Yes, but suppose that the Sender header were used only when the
domain found therein matched one of those in the From. Then it
would disambiguate the process allowing SSP to know precisely which
of the multiple domains involved in authorship purports to be that
which posts the message to the mail stream.
This would not help in cases where the Sender: domain is entirely
different from any found in the From: but at least it would address
the root concern found in issue 1525. That is, it could no longer
be said that SSP requires the first author to be the poster (which
is the meat of issue 1525) and this issue could perhaps be closed?
But we have to handle the case where the Sender: domain is entirely
different as well. We can't just be silent on this case.
The requirement would be the Sender headers email-address domain must
be at or above the From email-address domain's policy to be compliant
with "all" or "strict". This is not being silent.

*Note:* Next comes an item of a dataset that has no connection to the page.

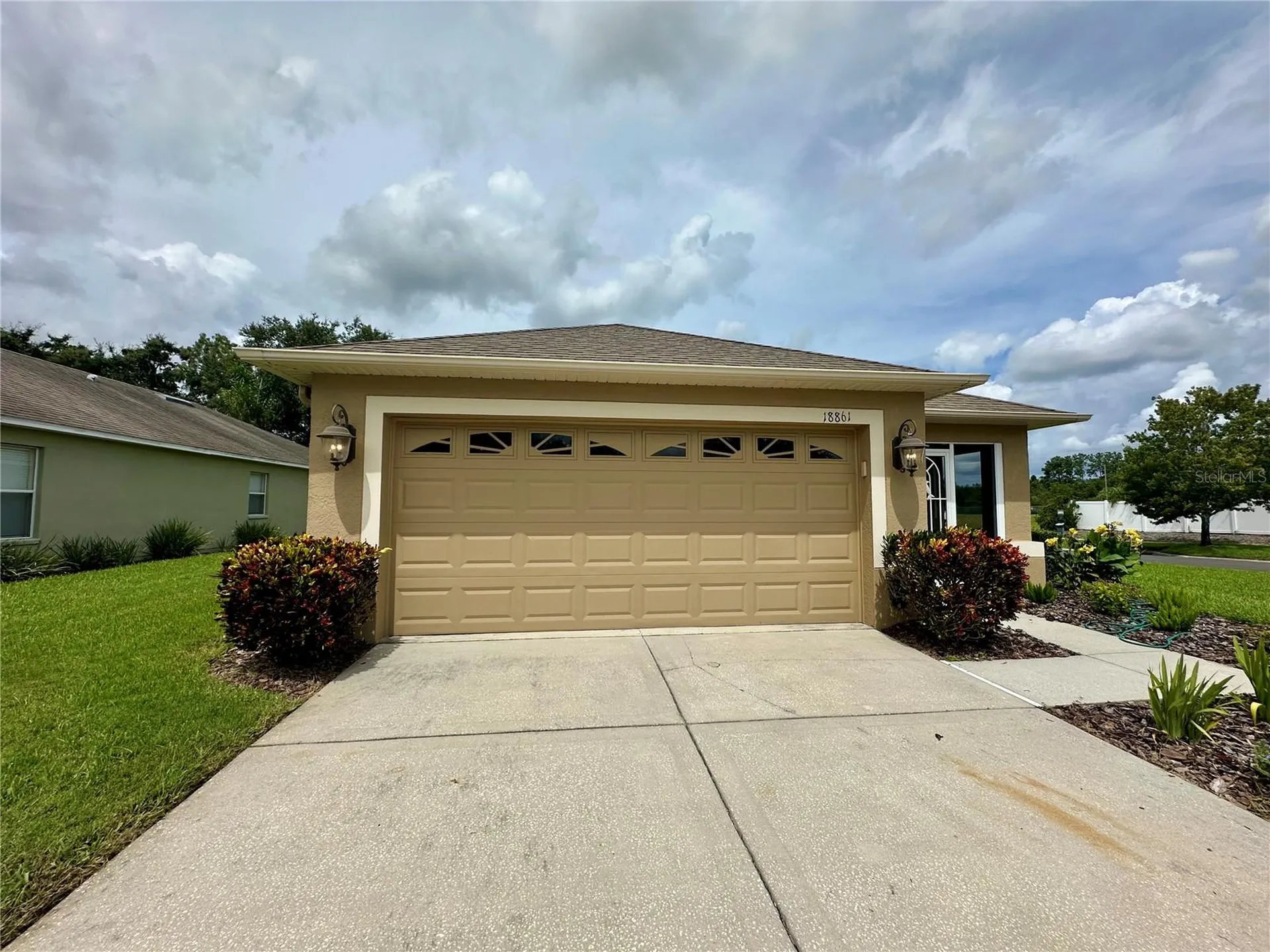 18861 Water Lily Lane Hudson FL 34667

The choice of first From: domain is, as the draft notes, a largely
arbitrary one. I don't have a problem with using all of the domains
in the From: header field, other than whether we need to impose an
artificial limit on how many SSP lookups per message we do, and how
to handle the case where that is succeeded.
I do have a problem with just using Sender in the multiple From
case. Sender has different semantics than From, so using From under
some circumstances and Sender under other circumstances does "break"
the semantics defined in RFC 2822.
Agreed. Having the Sender domain impose policy would be problematic.
Cases in which there are multiple addresses in the From: and no
Sender: are inconsistent with standardized practice and the spec
could handle those just as it would messages that have no From:
header at all. I don't know.
I'm not worried about what we do with messages that violate 2822.
But I do want to make sure that we cover all the cases that are legal.
By only using the From domain(s) to establish policy, the MTA is free
to decide about these types of RFC errors. IMHO, the identity within
the i= parameter does not need to associate with any header. When the
key is unrestricted, the only significant element with respect to
compliance would be the d= parameter of the signature.